▶ **LISTED RECORDS**
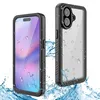 Für Apple iPhone 17 360 Grad Body Wasserdichte Hülle Produktbild-Vorschau 1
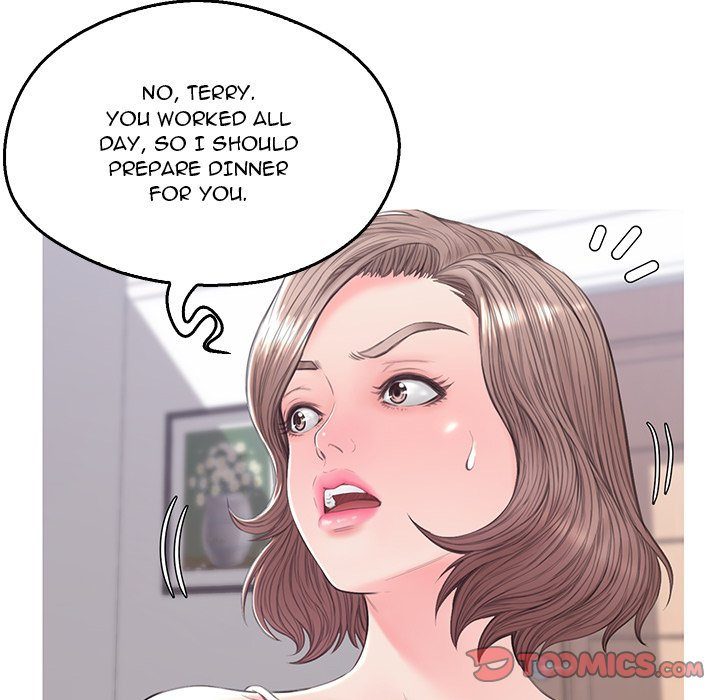 Daughter In Law Chapter 34 - Manhwa18.com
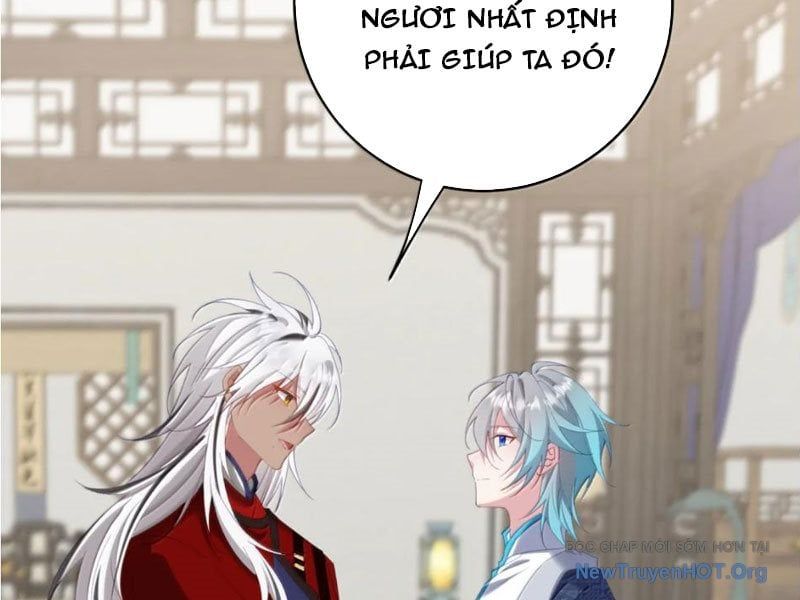 Đập Vỡ Hoàng Đế Nữ Nhi Thân - Chapter 59 - Page 64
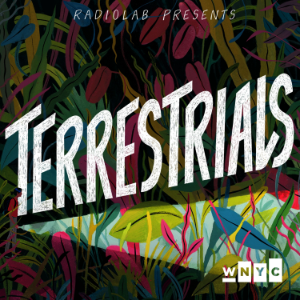 Terrestrials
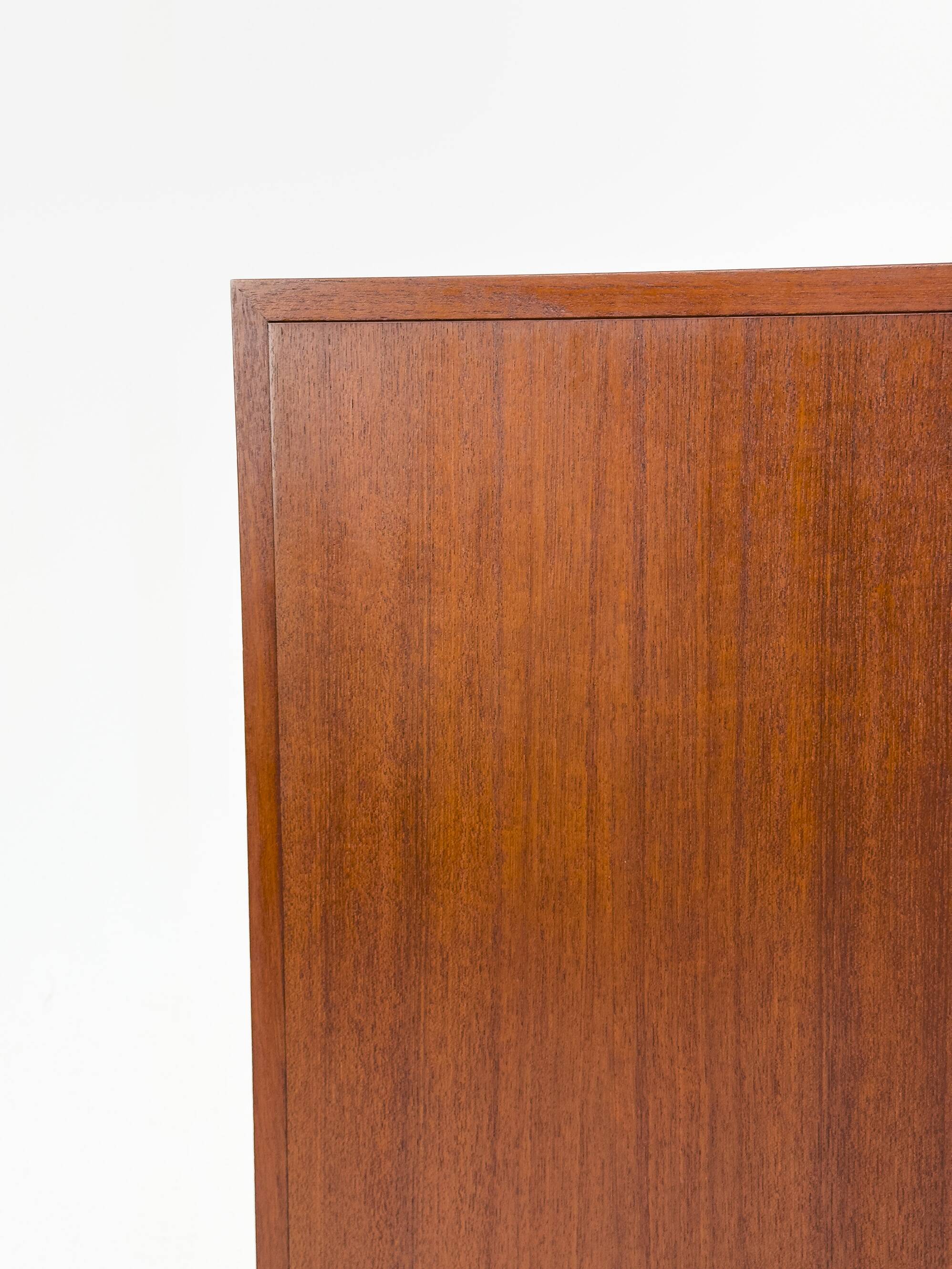 Vintage Teak Sideboard from Idee Möbel, 1960s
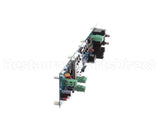 CNTRL BRD-PHTT Food Warming Control Board For Phtt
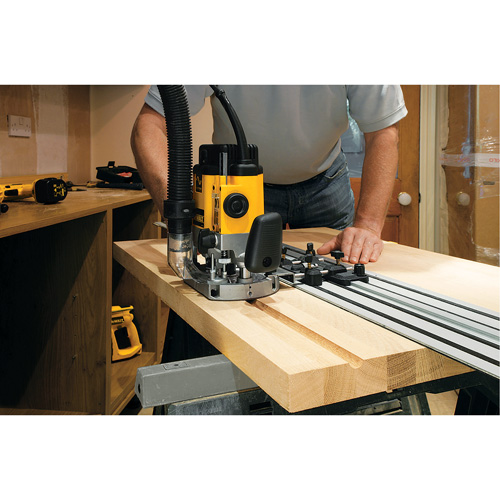 Adaptateur pour toupie TrackSaw Absolute Business Supply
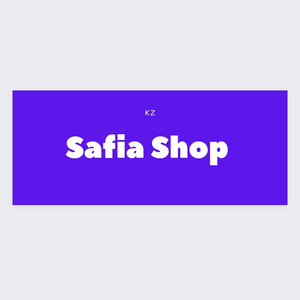 Safia Shop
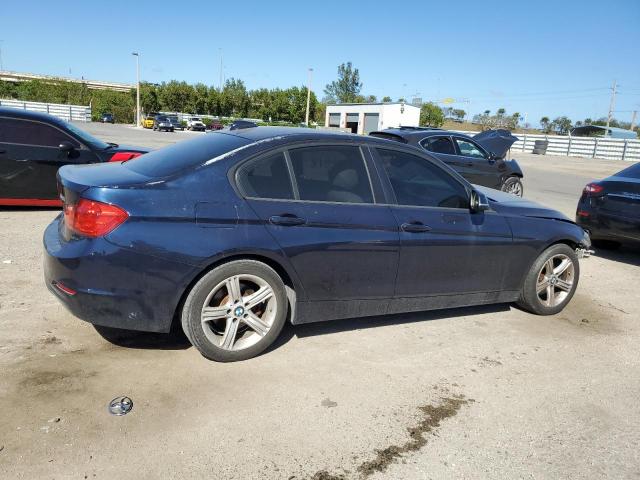 WBA3A5C52FP605245 BMW 328 I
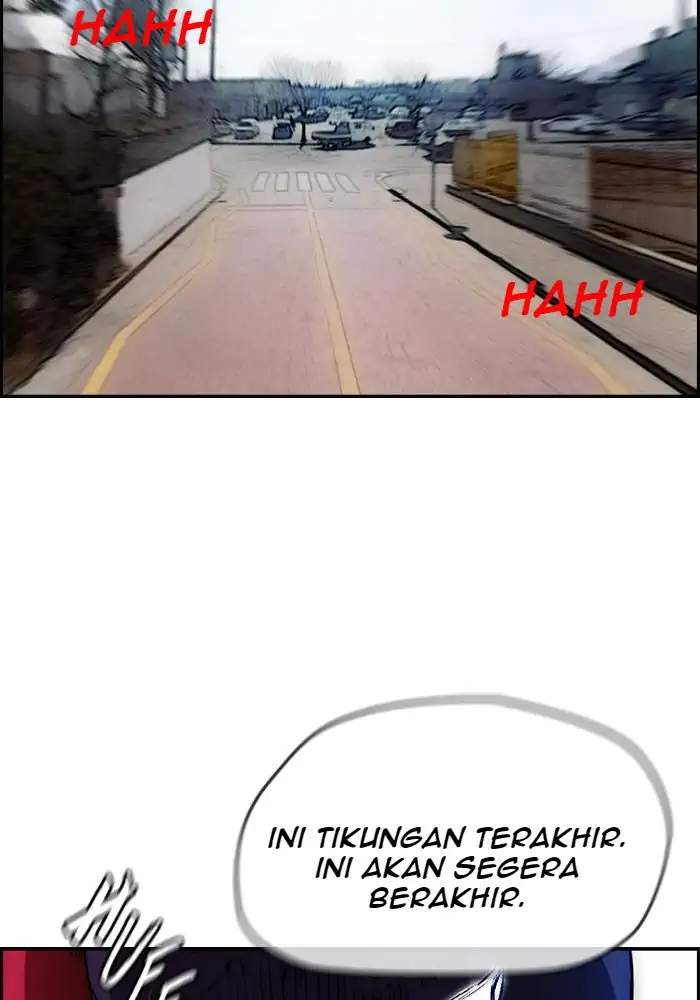 Wind Breaker Chapter 210 Gambar 64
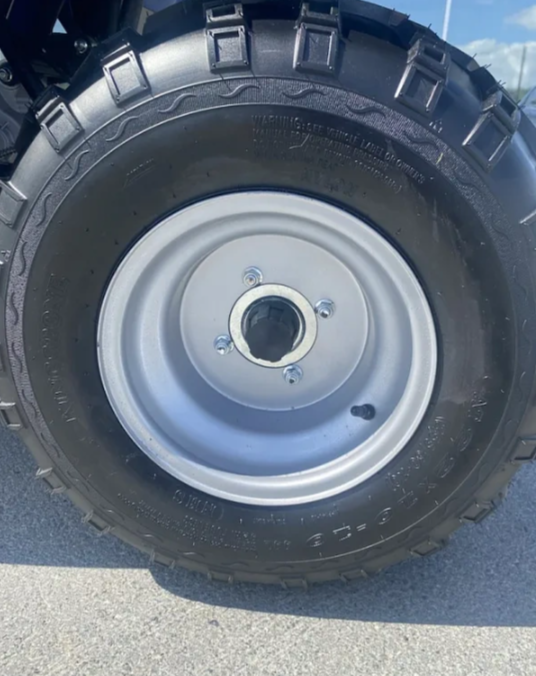 Квадроцикл IRBIS ATV 200 LUX (+лебедка) в Дербенте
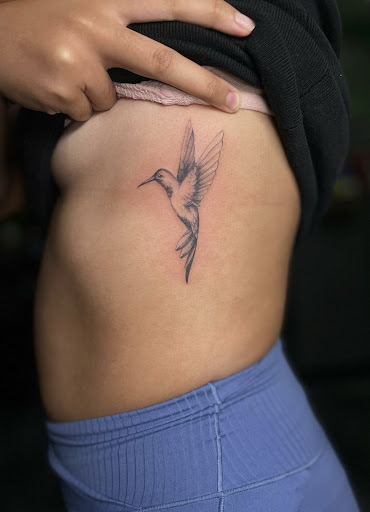 Explore triskelion tattoo ideas, creative tattoo ideas in Peoria, available at Modern Ink Tattoo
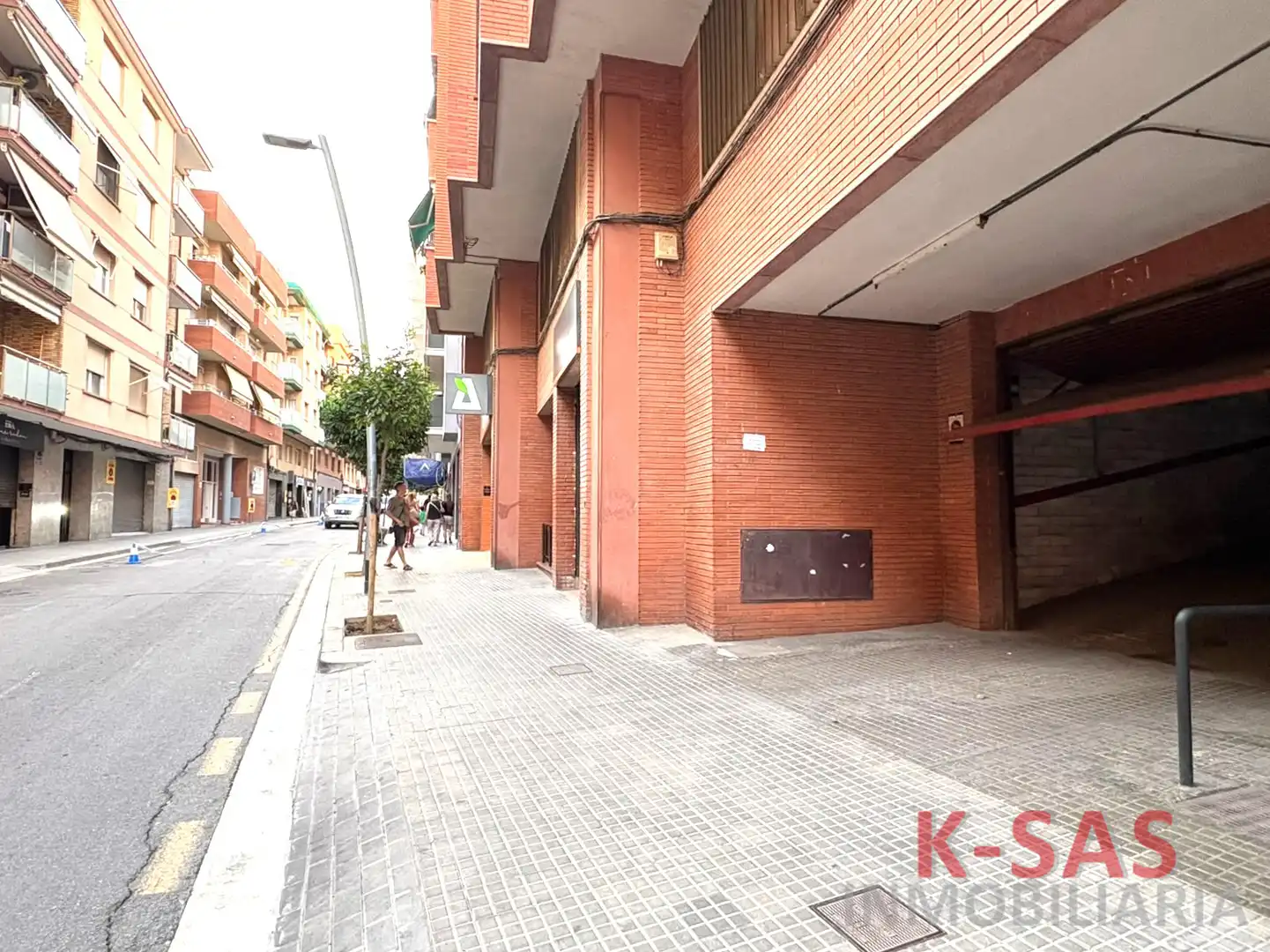 Individual amb ascensor de lloguer a Carrer de Sant Francesc Xavier 32, imagen 2
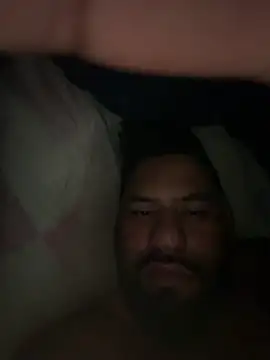 ThiagoLives' Webcam Show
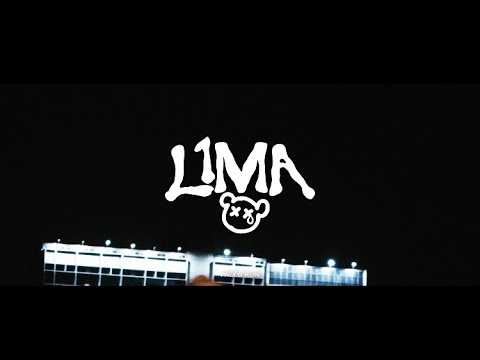 Paulo Kun - L1MA (Prod. Jeay P, @prodbyjass  [Visualizer]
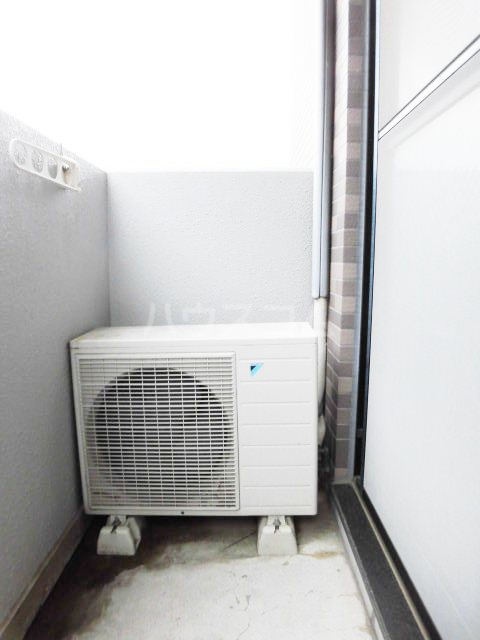 16/30 バルコニー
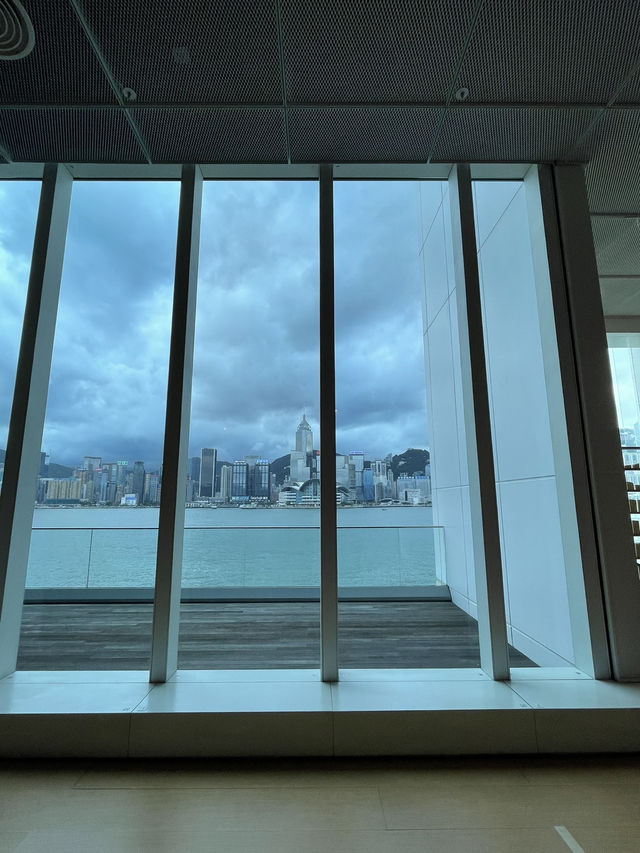 🇭🇰 Hong Kong Museum of Art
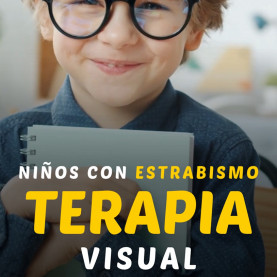 Corrección Estrabismo...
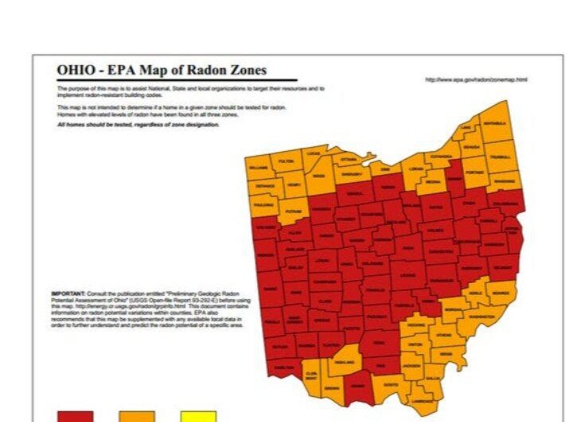 Northeast Ohio Radon Solutions - Brunswick, OH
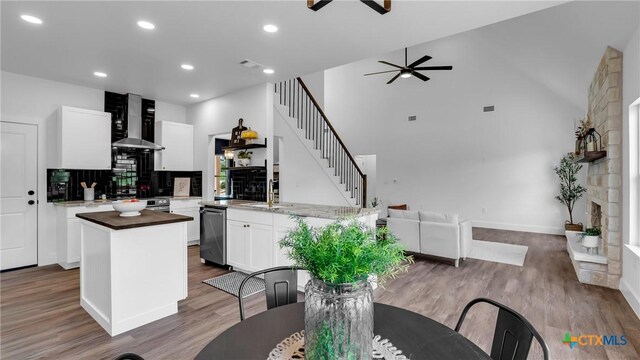105 Chesterfield Dr, Kingsland, TX 78639 - photo 18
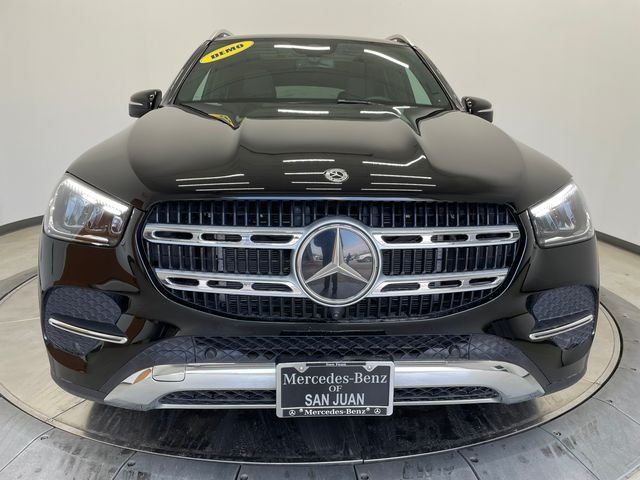 2026 Mercedes-Benz GLE GLE350 - Photo 16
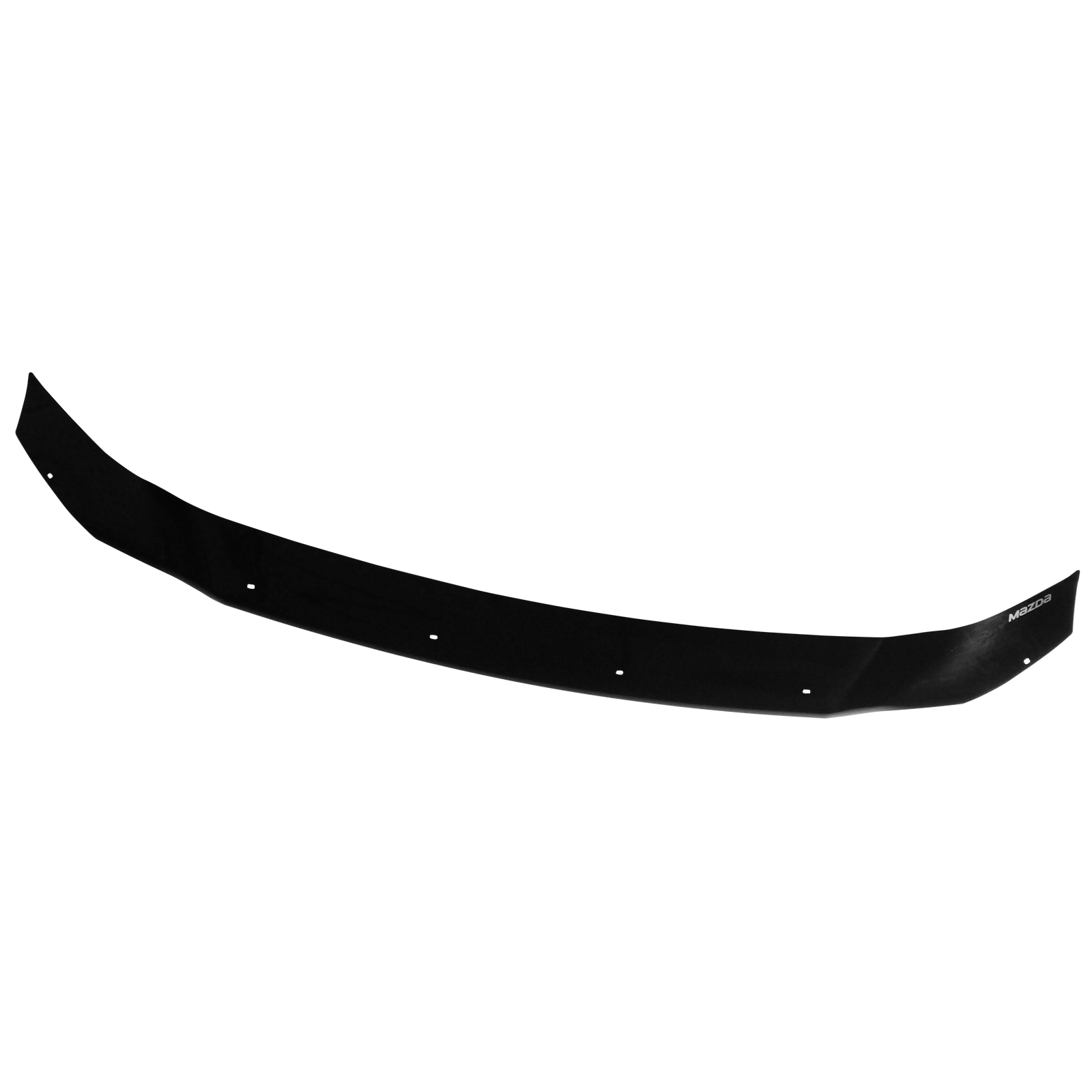 Hood Deflector | Mazda CX-5 (2017-2021)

▶ **EXERCISE INSTRUCTIONS**
What is needed is a word-for-word copy of the data above, free of any images.

▶ **TASK ANSWER**
 Für Apple iPhone 17 360 Grad Body Wasserdichte Hülle Produktbild-Vorschau 1
 Daughter In Law Chapter 34 - Manhwa18.com
 Đập Vỡ Hoàng Đế Nữ Nhi Thân - Chapter 59 - Page 64
 Terrestrials
 Vintage Teak Sideboard from Idee Möbel, 1960s
 CNTRL BRD-PHTT Food Warming Control Board For Phtt
 Adaptateur pour toupie TrackSaw Absolute Business Supply
 Safia Shop
 WBA3A5C52FP605245 BMW 328 I
 Wind Breaker Chapter 210 Gambar 64
 Квадроцикл IRBIS ATV 200 LUX (+лебедка) в Дербенте
 Explore triskelion tattoo ideas, creative tattoo ideas in Peoria, available at Modern Ink Tattoo
 Individual amb ascensor de lloguer a Carrer de Sant Francesc Xavier 32, imagen 2
 ThiagoLives' Webcam Show
 Paulo Kun - L1MA (Prod. Jeay P, @prodbyjass  [Visualizer]
 16/30 バルコニー
 🇭🇰 Hong Kong Museum of Art
 Corrección Estrabismo...
 Northeast Ohio Radon Solutions - Brunswick, OH
105 Chesterfield Dr, Kingsland, TX 78639 - photo 18
 2026 Mercedes-Benz GLE GLE350 - Photo 16
 Hood Deflector | Mazda CX-5 (2017-2021)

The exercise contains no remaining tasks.